WORK TO COMPLETE =>
Pictures are to be left out, and only the lines from the one containing "Apartamento mobiliado, 3" through the last line of the data are to be returned exactly.

DATA EXTRACT =>
BEGIN

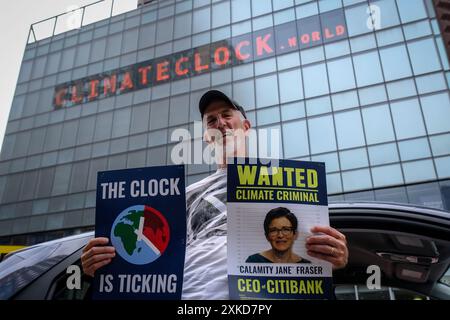 New York City, NY, USA. Juli 2024. Klimaaktivisten versammeln sich auf dem Union Square für den Klimawandel, da er unter 5 Jahre tickt, um am 22. Juli 2024 in New York City von unserem Leaders Committee zu echten Lösungen für den Klimawandel zu fordern. Quelle: Katie Godowski/Media Punch/Alamy Live News Stockfoto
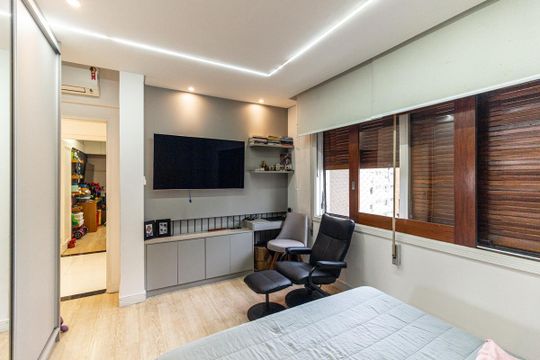 Apartamento mobiliado, 3 quartos, disponível para comprar. — Quarto 1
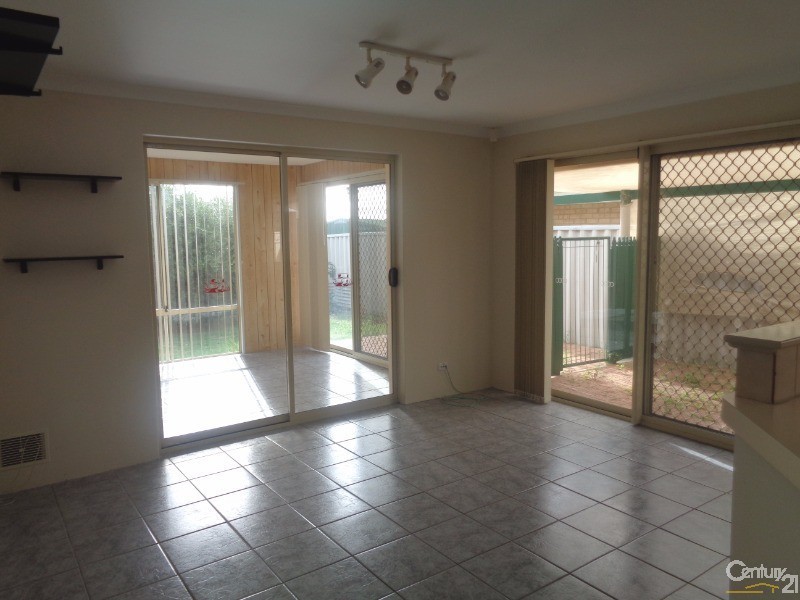 27 White Tern Elbow, Quinns Rocks WA 6030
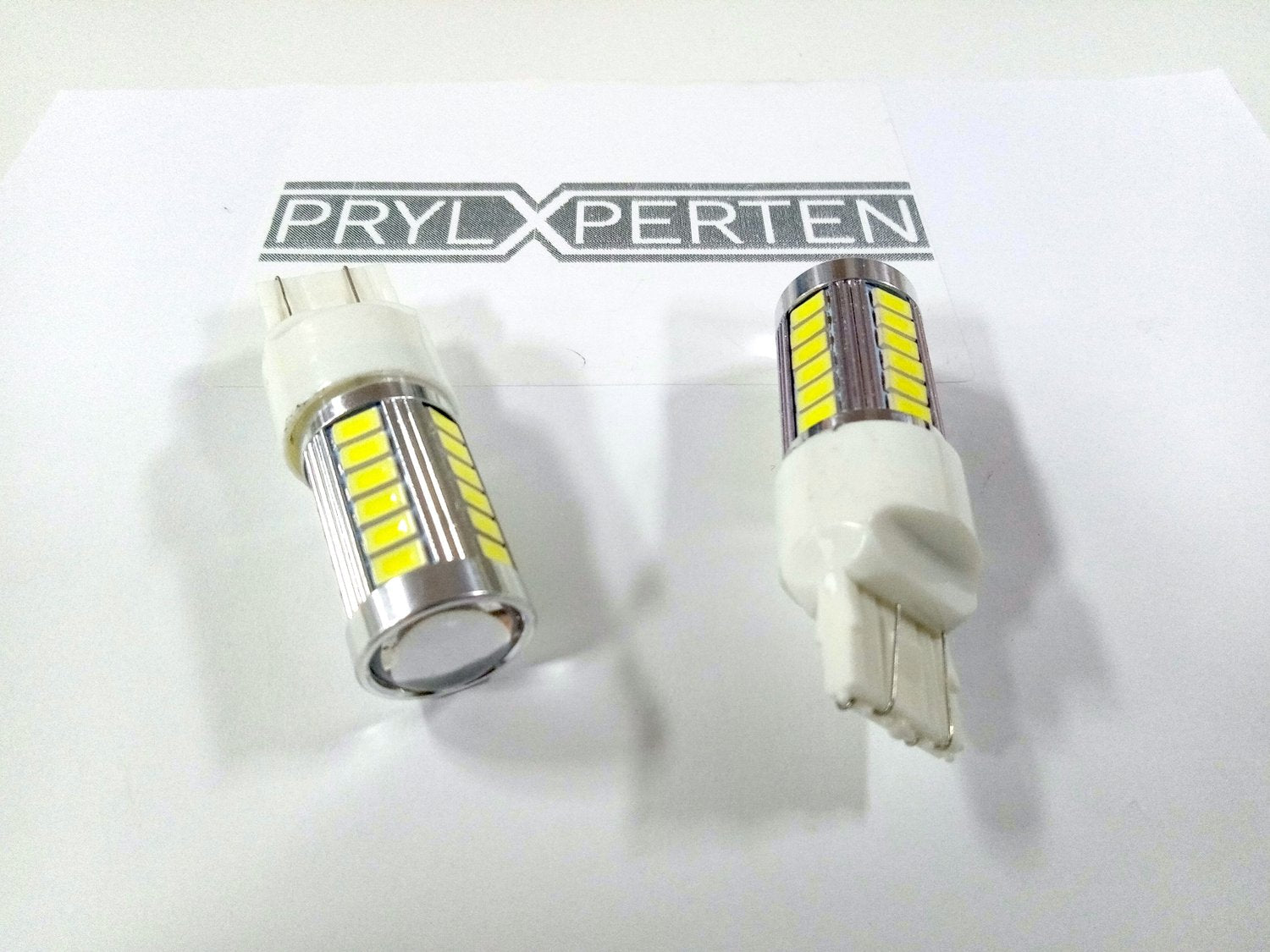 2x 7443 W21W T20 33st smd 5730 Vit Generic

END

OUTPUT =>
 Apartamento mobiliado, 3 quartos, disponível para comprar. — Quarto 1
 27 White Tern Elbow, Quinns Rocks WA 6030
 2x 7443 W21W T20 33st smd 5730 Vit Generic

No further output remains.